Information provided:
- - - -
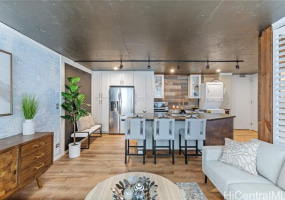 2415 Ala Wai Boulevard,Honolulu,Hawaii,96815,2 Bedrooms Bedrooms,1 BathroomBathrooms,Condo/Townhouse,Ala Wai,15,18314267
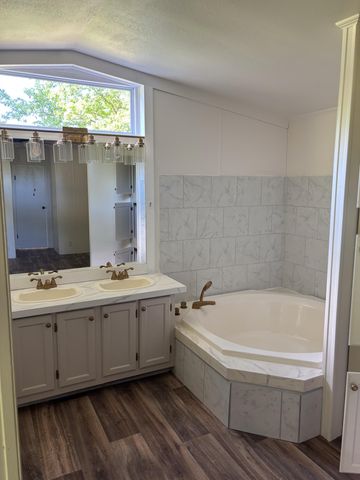 4528 State Route U, Pomona, MO 65789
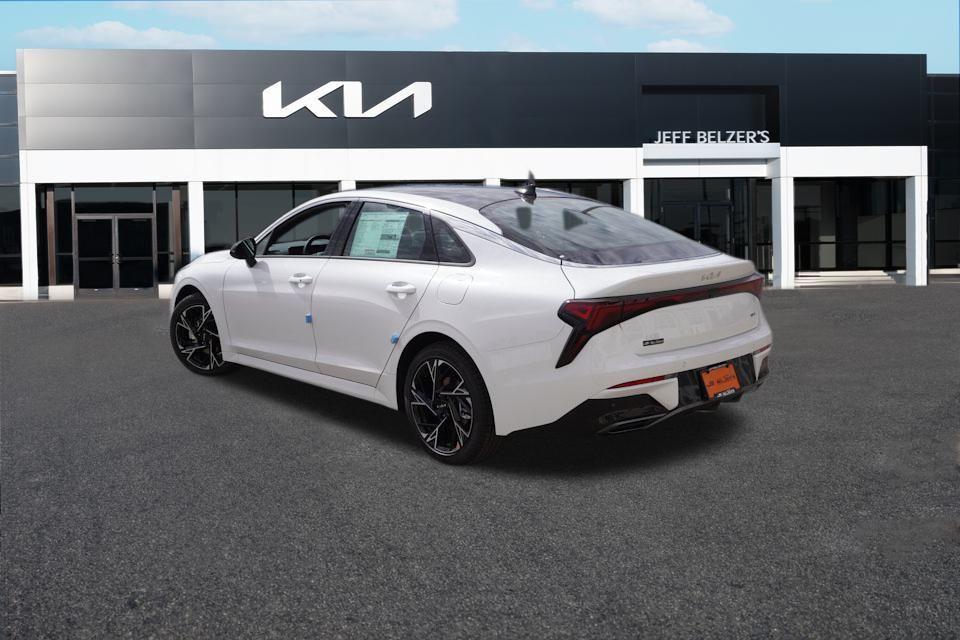 new 2025 Kia K5 car, priced at $30,030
- - - -
What the exercise asks: Print all data above verbatim, except pictures.

Exercise solution:
 2415 Ala Wai Boulevard,Honolulu,Hawaii,96815,2 Bedrooms Bedrooms,1 BathroomBathrooms,Condo/Townhouse,Ala Wai,15,18314267
 4528 State Route U, Pomona, MO 65789
 new 2025 Kia K5 car, priced at $30,030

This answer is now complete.